Tutorial on how to texture quoins and arches. Low-poly

We come from here: Apply different textures to wall corners? - #9 by carmanfer

Hello, I was having trouble applying a masked texture of some bricks while respecting the background texture and I didn’t find any tutorial on this matter in specific (maybe they exist idk).

Also I am no expert in texturing, this is just something that worked for me and wanted to show it.

First some images of the result I had following this method. As you can see there is continuation of the background texture (there isn’t any seam).

Respecting background texture:

Method description:
1- In GIMP or Photoshop, create the corner texture (or arch or whatever) that you want to use with a transparent background (or a solid background but with a mask instead of an alpha channel, whatever you prefer). Mine is a 1k trim sheet with alpha channel in which I have many combinations.

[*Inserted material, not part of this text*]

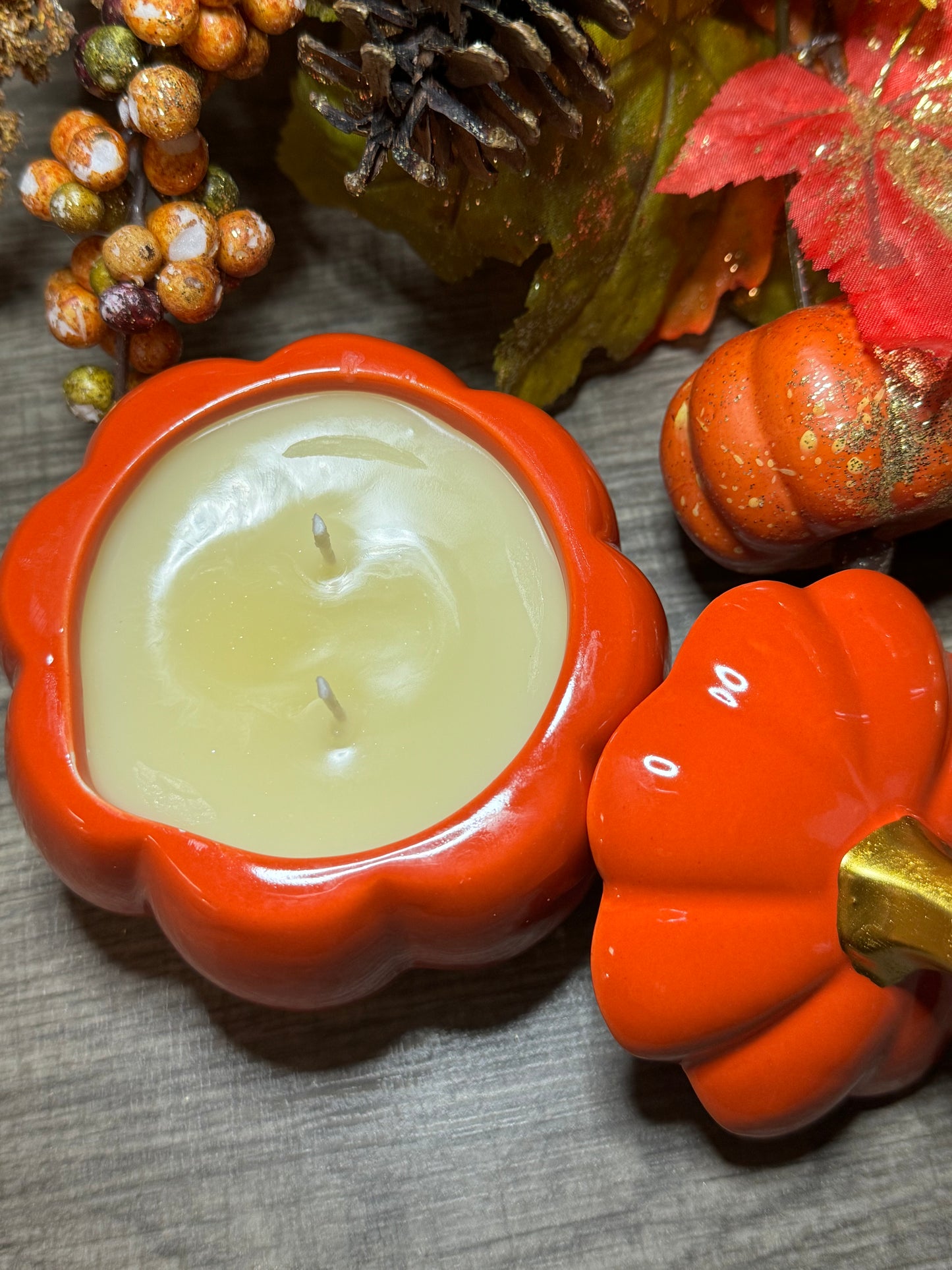 Orange Pumpkin Ceramic Jar Candle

If anyone’s interested I made it by selecting stones from other textures, cropping them and placing them together as you see in the screenshot.

Edit: now I see that the bright/dark side of the stones is irregular in my trim sheet, some point left and some right, ideally, they would point towards the same side so that the normal map aims at the right direction. Or even better, there shouldn’t be any dark/bright side, like an albedo map.

2- In Blender, for the object that you have, create faces where this texture should go. In my case I had a window with an arch. As you can see I have faces surrounding the aperture of the window.

Also for the corners you should have dedicated faces:

3- Create two UV maps for this object. One will be the general UVs for the basic wall texture (from now onwards BasicUV) and the other for the details (corner texture) that have to overlap the basic textures (from now onwards DetailsUV)

image

4- Create a new material. You should have 2 materials: (edit: maybe this can be done with one material somehow???)

  • one with your basic wall texture only, (I will not show mine because it is a complex material that blends between another two and I don’t want to confuse the reader, just plug your diffuse and normal as you would do in any material). Make sure that the information of the coordinates comes from the Basic UV map.
    image

  • and another material with the same basic wall texture and your “corner” texture made in step 1. In this new material we will overlap the “corner” texture with the basic wall texture in the following way (for alpha textures, if you have a mask just plug your mask color output into the alpha of the mix node).

5- Select the BasicUV map (in the previous screenshot “UVMap”). Now in the UV Editor you will be modifying this map. Unwrap the mesh (make sure you don’t have distortion, or in other words, that the stone bricks look good):

Check that there is continuation of the texture from the faces where there isn’t any corner texture with the ones that have them. This is because the background texture is the same for all these faces and acts on the same UV map (BasicUV), so there is continuity.

6- Select the second UV Map (the DetailsUV Map). Now you will be editing the details (corner stones). Position the unwrapped faces on the trim sheet (or whatever masked texture you have). Check that you don’t need to position the faces affected by the details material (in my case the trim sheet) connected to the rest of the mesh, since it is a different UV map and it does not affect the basic stone texture in the background.

PS: To unwrap the faces of the arch properly, I use an addon called UV Squares that allows me to turn the weird shapes of the unwrapped arch into rectangles, then I just align them manually (top row of the trim sheet).